Bien haremos nosotros en correr al encuentro con Cristo llevando nuestras enfermedades y uno que otro demonio que se nos ha metido, para que él nos libre y nos haga vivir como verdaderos hijos en el Reino. Llevarle el demonio de la desesperanza, de la depre, del aborto, de hijos habidos al garete, de matrimonios deshechos porque matamos al amor y sobre todo una vida sin ley, sin mandamientos y sin Dios.
Con la sencillez propia de Marcos, nos relata la revolución de Cafarnaúm: “Al anochecer, cuando el sol se ponía le llevaron a todos los enfermos y poseídos del demonio, y todo el pueblo se apiñó junto a la puerta. Curó a muchos enfermos de diversos males y expulsó a muchos demonios”. Podemos imaginarnos al poblado de Cafarnaúm, un pobladito al fin y al cabo, frente al Cristo que quita el aislamiento en el que se veían sumidos los enfermos, incluso por motivos religiosos, recordemos por ejemplo el caso de los leprosos, que eran materialmente echados fuera, sin ninguna consideración. Cristo los tomará de la mano, los levantará, y sus apóstoles les dará consignas: “Ellos fueron a predicar, ungían a los enfermos y los curaban”, “Curen a los enfermos y díganles: El Reino de Dios está cerca de ustedes”, Estaba enfermo y me visitaron”. Cristo será el médico pero sobre todo el Salvador.
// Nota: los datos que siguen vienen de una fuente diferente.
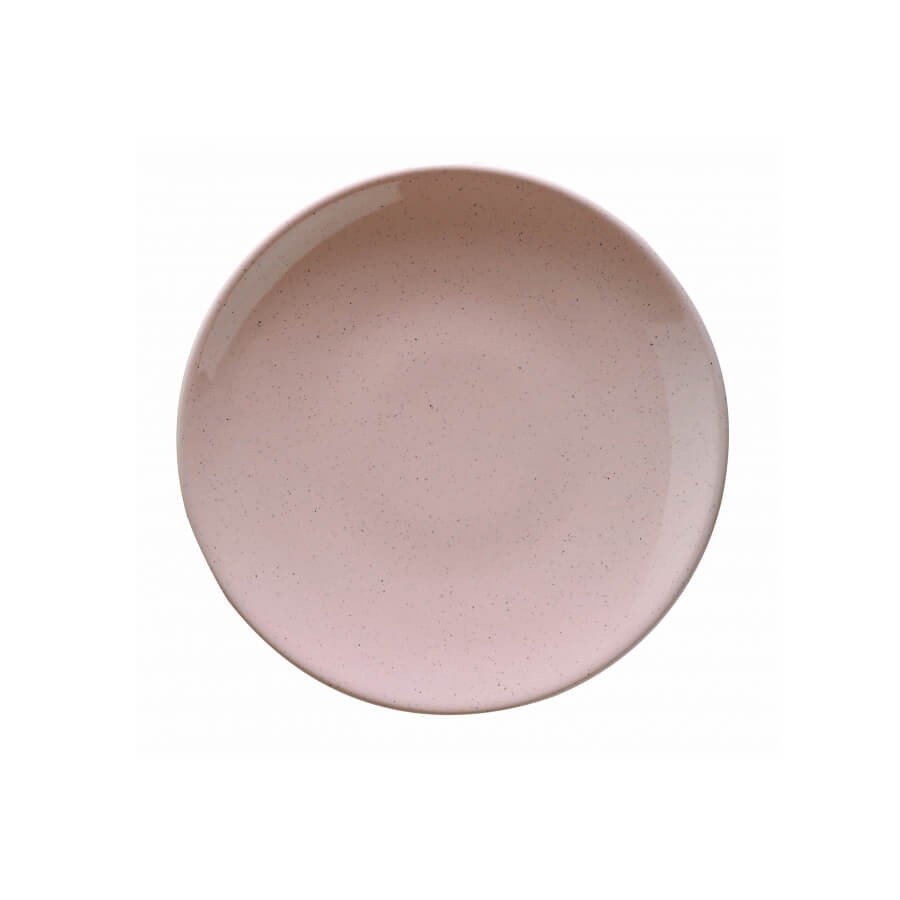 розов-сервиз-за-хранене-15-710ktp2721-0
Por la madrugada, cuando todo mundo dormía, Cristo ya se encontraba en oración y los apóstoles, queriendo azuzar su fama y su popularidad, le fueron a decir que todo mundo lo andaba buscando. “¿A sí?”, respondería Cristo, pues entonces vamos a los pueblos vecinos a predicar también allá el Evangelio, pues para eso he venido. Y recorrió toda Galilea, predicando en las sinagogas y expulsando a los demonios”. Bendito Dios que así nos regaló con un Cristo incontenible desde entonces. Atrás quedaba Nazaret y ahora también Cafarnaúm, y Cristo se entregaba desde entonces a todo el mundo. Y de una forma gratuita, como son las grandes cosas, el amor, la amistad, el gesto solidario en los momentos de soledad o de abandono, la felicidad que se comparte, la sonrisa de un niño, el desvelo de una madre, la inquietud maravillosa de los jóvenes y de los novios, sobre todo en este mundo en que se ha fabricado una industria que pretende vender amor, y dicha y felicidad, pero sin poder conseguirlo porque está fuera del alcance de un puñado de dinero.
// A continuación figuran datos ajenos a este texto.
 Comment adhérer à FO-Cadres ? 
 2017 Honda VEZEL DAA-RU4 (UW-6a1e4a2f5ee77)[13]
Bien haremos nosotros en correr al encuentro con Cristo llevando nuestras enfermedades y uno que otro demonio que se nos ha metido, para que él nos libre y nos haga vivir como verdaderos hijos en el Reino. Llevarle el demonio de la desesperanza, de la depre, del aborto, de hijos habidos al garete, de matrimonios deshechos porque matamos al amor y sobre todo una vida sin ley, sin mandamientos y sin Dios.